- _Exercise brief_: Only one stretch of the records below should be repeated. It starts with the line containing "Rapir De Tre" and goes on through the line containing "bridal-shower-gift-table-ideas", exactly as written.

- _Records supplied_:
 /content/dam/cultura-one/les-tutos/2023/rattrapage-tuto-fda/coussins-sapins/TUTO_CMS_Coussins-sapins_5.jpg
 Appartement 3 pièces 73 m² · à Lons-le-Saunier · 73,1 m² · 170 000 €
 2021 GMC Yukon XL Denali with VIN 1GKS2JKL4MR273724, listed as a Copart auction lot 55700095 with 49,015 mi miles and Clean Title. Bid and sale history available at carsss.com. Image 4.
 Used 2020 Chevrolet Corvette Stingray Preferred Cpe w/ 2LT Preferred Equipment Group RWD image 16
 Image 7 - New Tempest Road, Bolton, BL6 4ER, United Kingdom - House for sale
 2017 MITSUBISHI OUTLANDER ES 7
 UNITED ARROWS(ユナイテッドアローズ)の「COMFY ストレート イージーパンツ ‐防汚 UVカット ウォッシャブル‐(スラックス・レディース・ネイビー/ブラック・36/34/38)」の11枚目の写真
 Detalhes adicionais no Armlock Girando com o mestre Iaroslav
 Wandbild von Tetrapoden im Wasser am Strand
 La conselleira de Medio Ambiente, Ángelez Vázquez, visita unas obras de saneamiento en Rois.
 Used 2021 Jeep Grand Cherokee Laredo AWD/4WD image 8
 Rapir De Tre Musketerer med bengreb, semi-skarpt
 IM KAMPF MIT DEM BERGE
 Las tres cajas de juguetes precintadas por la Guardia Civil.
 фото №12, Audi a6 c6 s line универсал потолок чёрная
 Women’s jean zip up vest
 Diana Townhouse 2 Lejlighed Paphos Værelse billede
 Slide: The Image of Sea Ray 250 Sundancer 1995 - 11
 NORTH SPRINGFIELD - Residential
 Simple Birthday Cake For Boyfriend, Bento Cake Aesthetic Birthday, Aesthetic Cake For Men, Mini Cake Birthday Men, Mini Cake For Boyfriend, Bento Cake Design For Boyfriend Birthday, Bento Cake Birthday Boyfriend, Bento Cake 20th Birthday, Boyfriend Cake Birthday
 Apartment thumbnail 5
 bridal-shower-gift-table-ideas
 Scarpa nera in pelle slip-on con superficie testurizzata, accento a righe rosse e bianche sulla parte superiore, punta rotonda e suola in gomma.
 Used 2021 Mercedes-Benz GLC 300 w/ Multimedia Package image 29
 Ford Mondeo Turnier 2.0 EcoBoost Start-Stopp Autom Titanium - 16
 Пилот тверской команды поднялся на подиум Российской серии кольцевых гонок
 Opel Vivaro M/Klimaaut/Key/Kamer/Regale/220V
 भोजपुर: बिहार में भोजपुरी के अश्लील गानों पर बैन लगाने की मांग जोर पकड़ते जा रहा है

- _Answer to this problem_:
 Rapir De Tre Musketerer med bengreb, semi-skarpt
 IM KAMPF MIT DEM BERGE
 Las tres cajas de juguetes precintadas por la Guardia Civil.
 фото №12, Audi a6 c6 s line универсал потолок чёрная
 Women’s jean zip up vest
 Diana Townhouse 2 Lejlighed Paphos Værelse billede
 Slide: The Image of Sea Ray 250 Sundancer 1995 - 11
 NORTH SPRINGFIELD - Residential
 Simple Birthday Cake For Boyfriend, Bento Cake Aesthetic Birthday, Aesthetic Cake For Men, Mini Cake Birthday Men, Mini Cake For Boyfriend, Bento Cake Design For Boyfriend Birthday, Bento Cake Birthday Boyfriend, Bento Cake 20th Birthday, Boyfriend Cake Birthday
 Apartment thumbnail 5
 bridal-shower-gift-table-ideas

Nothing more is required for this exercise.